The SBL is governed by Section 35 of the General Banking Law and by several BSP implementing circulars. Below are highlights of the SBL provisions.
First, SBL covers loans,credit accommodations and guarantees. It has a broad coverage which the Monetary Board may redefine from time to time. Bank guarantees are included in the computation of the SBL since, when called and drawn upon, would lead to actual loan exposures of the bank.
Second, the basis for determining compliance with the SBL is the total credit commitment of the bank to the borrower, whether availed of fully or only partially, and not only the actual outstanding loan and credit accommodation of the borrower (Record of the Senate on S.B. 1519, Nov. 15, 1999).
Third, the current SBL is 25% of the net worth of a bank. The SBL may be increased by an additional 10% provided that the additional liabilities are adequately secured by trust receipts, shipping documents, warehouse receipts and similar documents.
Fourth, loans extended by banks for projects under the Public-Private Partnership (PPP) Program of the government may have a separate SBL of 25%.
Fifth, loans extended by banks to oil companies which are engaged in energy and power generation may also have an additional 15% SBL.

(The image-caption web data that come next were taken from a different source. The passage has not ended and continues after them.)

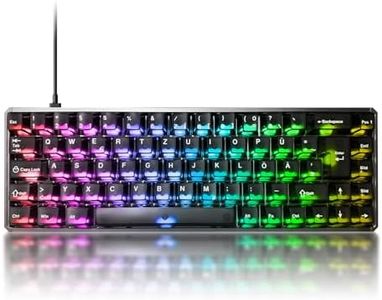Akko MOD68 HE 8K Gaming Tastatur, CNC-gefrästes Aluminium, Rapid-Trigger Tastatur, 65% ISO-DE QWERTZ-Layout, RT0,005 mm, kabelgebundene Tastatur, (Black Transparent, AstroAim Magnetschalter)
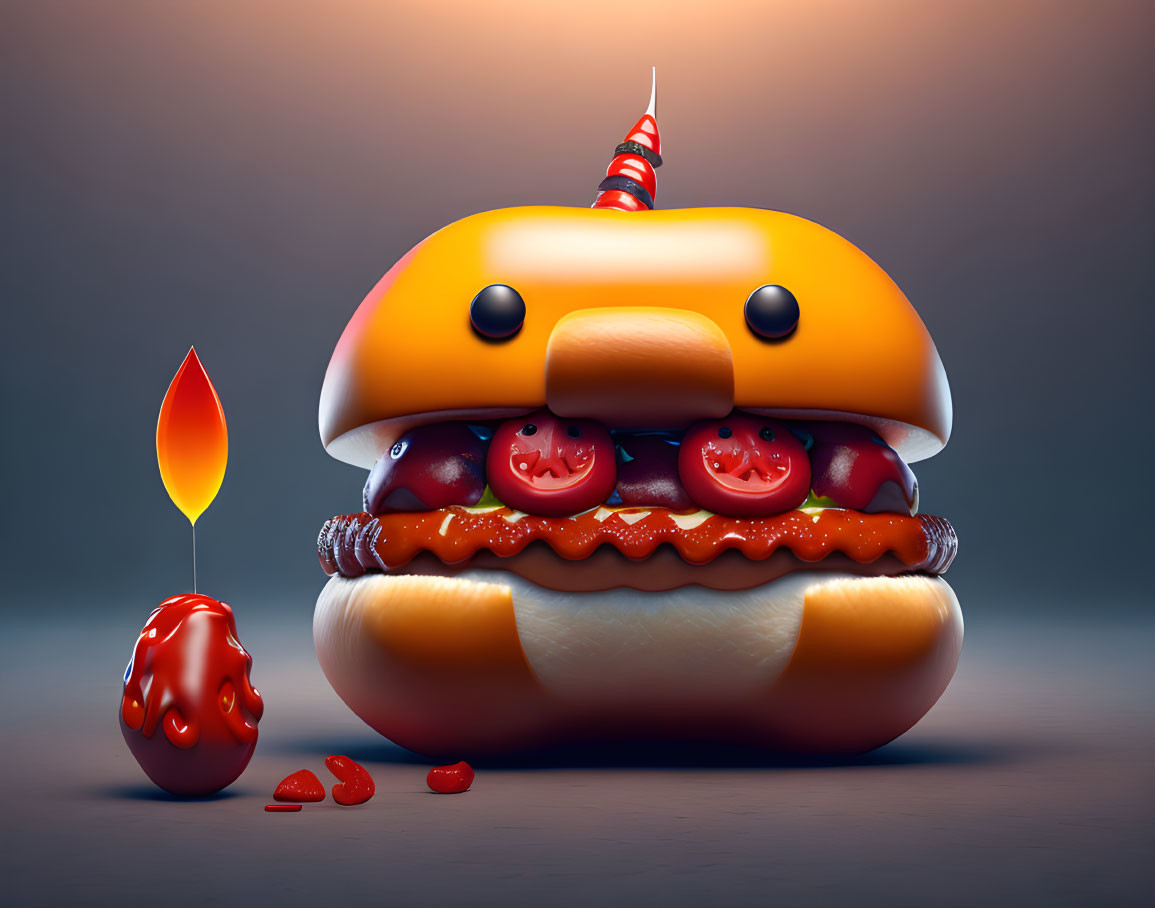 Illustration of whimsical burger with face, party hat, candle tail, and sauce heart.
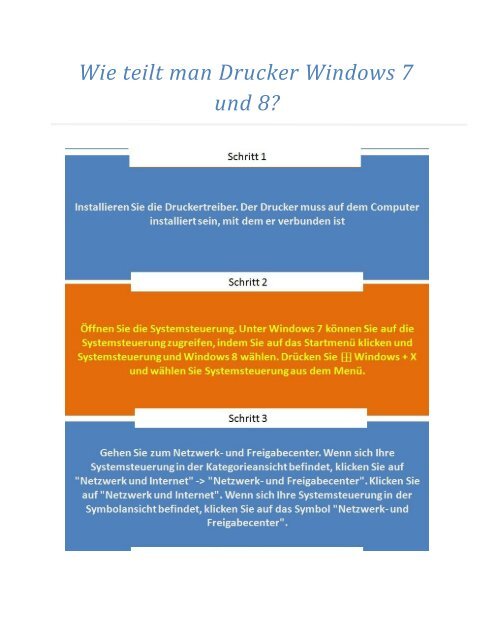 Wie teilt man Drucker Windows 7 und 8?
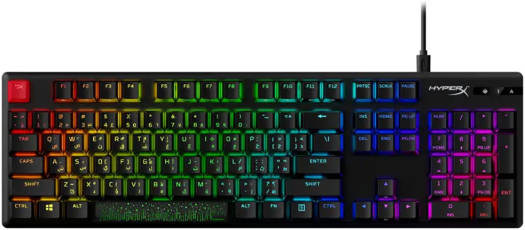 Hyperx Alloy Origins PBT Hx Gaming Keyboard, Durable PBT Keycaps, Full-Size Design, 100% Anti-Ghosting, Radiant RGB Lighting, Red Linear Switch, ENG-ARB Layout, USB 2.0, Black | 639N3AA#A2N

Sixth, there are certain types of loans which can be excluded from the computation of the SBL. These would include: (a) loans secured by obligations of the Bangko Sentral or the Government and those fully guaranteed by the Government; (b) loans to the extent covered by deposit hold-outs; (c) loans under letters of credit to the extent covered by margin deposits; and (d) other non-risk items as determined by the Monetary Board.
Examples of other types of loans which were excluded by Monetary Board from the computation of the SBL are: (a) loans covered by legally effective credit risk transfer arrangements; (b) certain interbank loan transactions; (c) short-term exposures of banks to settlement banks; and (d) loans covered by guarantees of international/regional institutions/multilateral financial institutions.

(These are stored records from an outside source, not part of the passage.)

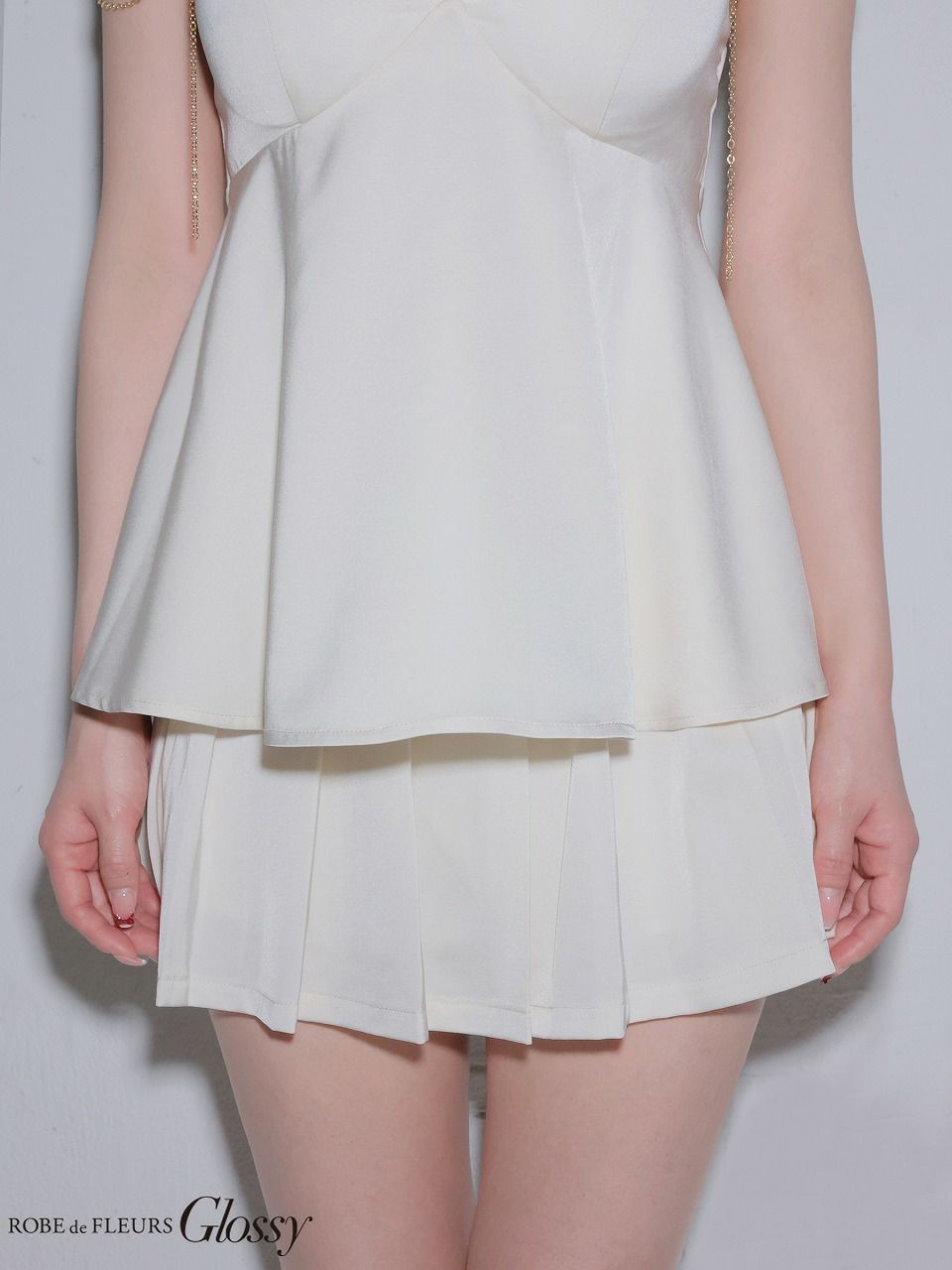 Glossy ローブドフルールグロッシー 【XSサイズあり】 チェーンサテンセットアップミニキャバドレス gl4640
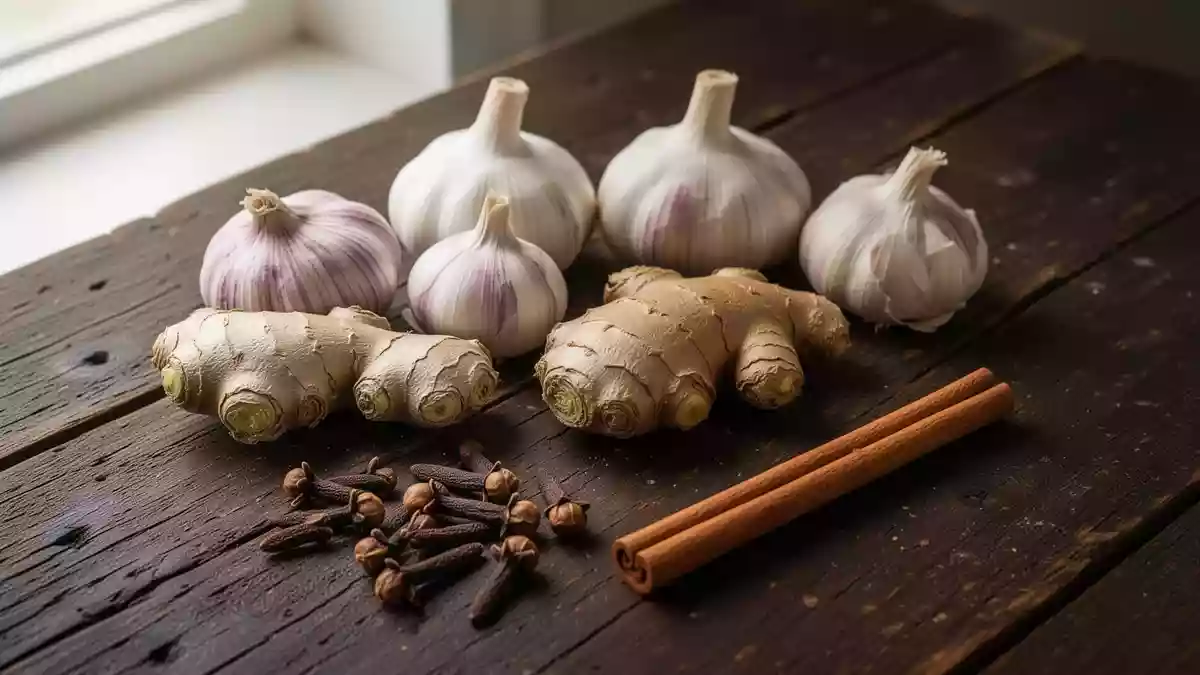 Frische Gewürze wie Knoblauch, Ingwer, Nelken und Zimt auf einem hölzernen Untergrund als Symbol für gesunde Ernährung. Illustration mit AI erstellt.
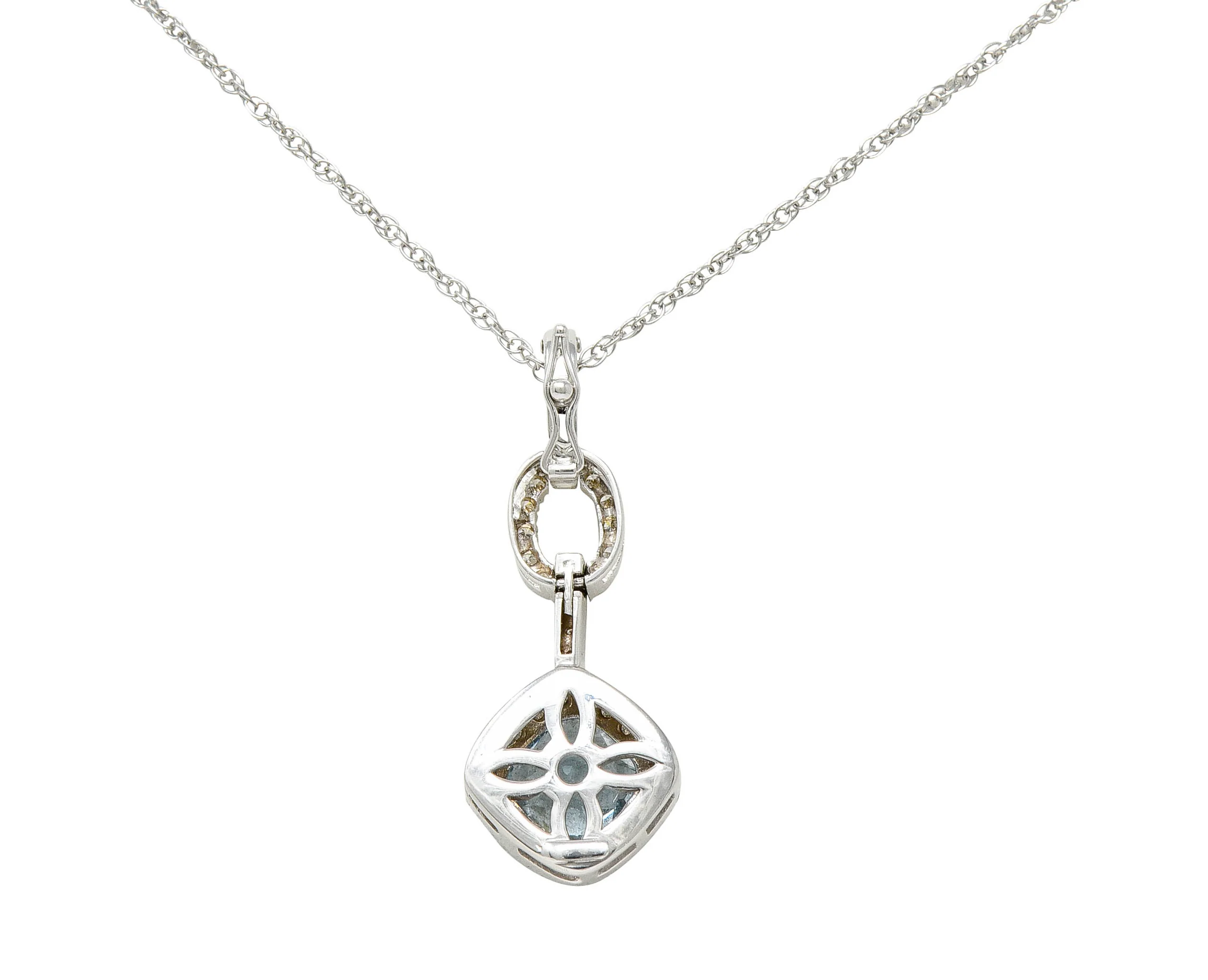 Checkerboard Cut 3.65 CTW Aquamarine Diamond 18 Karat White Gold Enhancer Pendant Necklace - Image 5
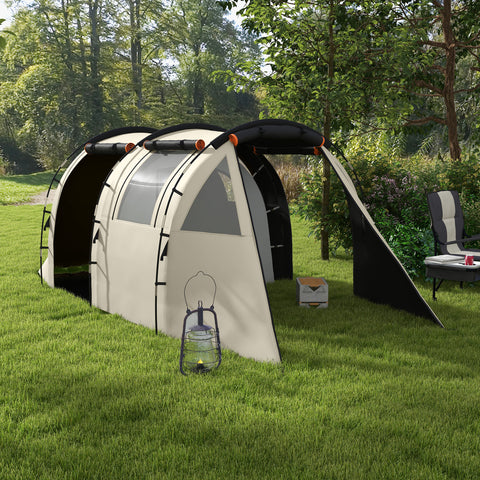 Tenda de Campismo Familiar para 4-5 Pessoas Tenda de Campismo Dobrável com 2 Quartos 5 Portas e Bolsa de Transporte Impermeável para Trekking 460x230x180 cm Caqui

Seventh, in determining, whether there is a violation of the SBL, the reckoning point is the time when the loan is granted. Any subsequent event or cause that is beyond the control of the bank, or involuntary on its part, will not give rise to the imposition of sanctions, as where a loan, after the grant, exceeds the prescribed limit due to substantial prepayment by another borrowed thereby lowering the ceiling (Banking Laws of the Philippines, ibid., p. 222).